Ce témoignage sincère, et modeste, nous est offert par un homme qui a adhéré au BPP à 16 ans en 1968 où il a milité jusqu’en 1977, année où il est entré dans la clandestinité suite à une tentative d’assassinat afin d’aider Huey P. Newton à ne pas être condamné pour le meurtre d’une prostituée.
D’origine ouvrière, tant du côté paternel que maternel, Forbes grandit à San Bernardino, dans un quartier qui ne correspond pas du tout aux clichés sur le « ghetto » : très peu de mères célibataires, tout le monde a un boulot, pas de délinquance, etc. Cela s’explique sans doute par le fait que la population afro-américaine locale était à l’époque employée essentiellement dans l’armée, la marine, ou dans des entreprises dépendant de ces deux institutions, et que, malgré les discriminations sévissant sur le marché du travail, il n’y avait pas de chômage.
Arrêté à l’âge de 12 ans pour un vol de bicyclette qu’il n’a pas commis, tabassé par les flics à 14 ans et sauvé de justesse par un flic afro-américain qui connaît ses parents, sa révolte commence contre le racisme policier commence donc très jeune. Son père est un homme très strict et travailleur : responsable d’un groupe de boy-scouts et entraîneur bénévole de baseball, il va jusqu’à cumuler trois boulots différents en même temps quand il sort de la marine, au bout de 20 ans de service : barman dans un club, domestique d’un amiral et homme de ménage dans une usine. Sa mère travaille comme femme de ménage puis comme infirmière. La plupart des écoles sont « intégrées » et ne pratiquent pas la ségrégation à San Bernardino.

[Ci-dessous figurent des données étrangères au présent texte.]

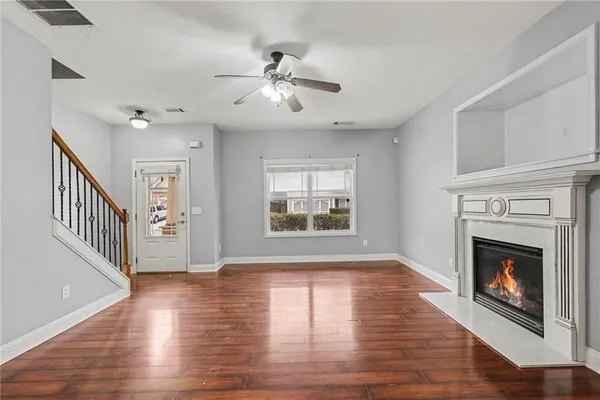a view of an empty room with wooden floor fireplace and a window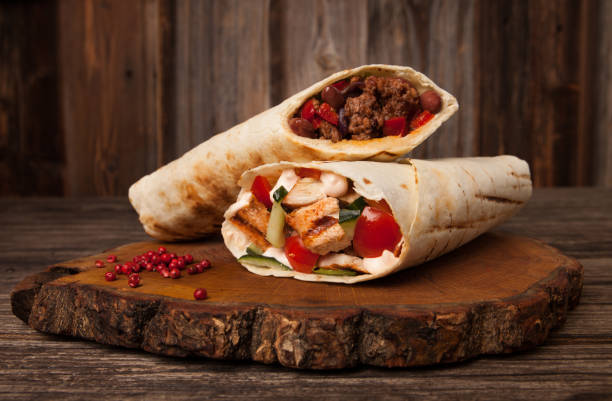 Burrito and shawarma wraps with beef and pork vegetables on wooden table. Copy space for text. stock photo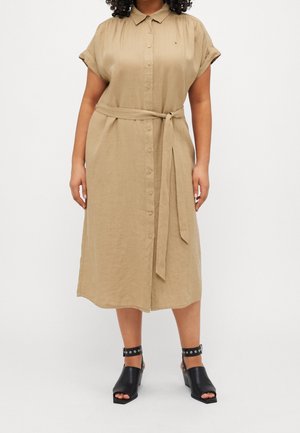 Kvinde iført en beige midikjole med knapper, taljebånd og korte ærmer, kombineret med sorte åbne tå-sandaler med ankelrem.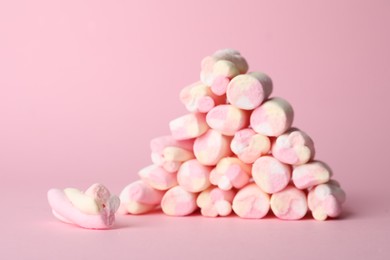 Stack of tasty marshmallows on pink background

A seize ans, en 1968, Forbes abandonne ses études et doit donc travailler pour avoir le droit de rester vivre avec ses parents. Son frère lui fait découvrir l’Autobiographie de Malcolm X, Les damnés de la terre et Peau noire, masques blancs de Frantz Fanon mais aussi le journal du BPP. « Pour la première fois de ma vie, écrit-il, je me passionnais pour autre chose que les filles et la fumette. » Il est fasciné par l’uniforme des Panthères noires, leur blouson et leur béret, mais ne s’imagine pas que cet engouement va devenir un engagement durable. Il se rend à des séances d’éducation politique avec son frère où le formateur du BPP leur explique que le Petit Livre Rouge est « sa bible » et où il côtoie des jeunes qui savent à peine lire, les fameux « lumpen-prolétaires » dont Huey P. Newton et Eldridge Cleaver prétendent qu’ils sont « l’avant-garde de la révolution » à venir.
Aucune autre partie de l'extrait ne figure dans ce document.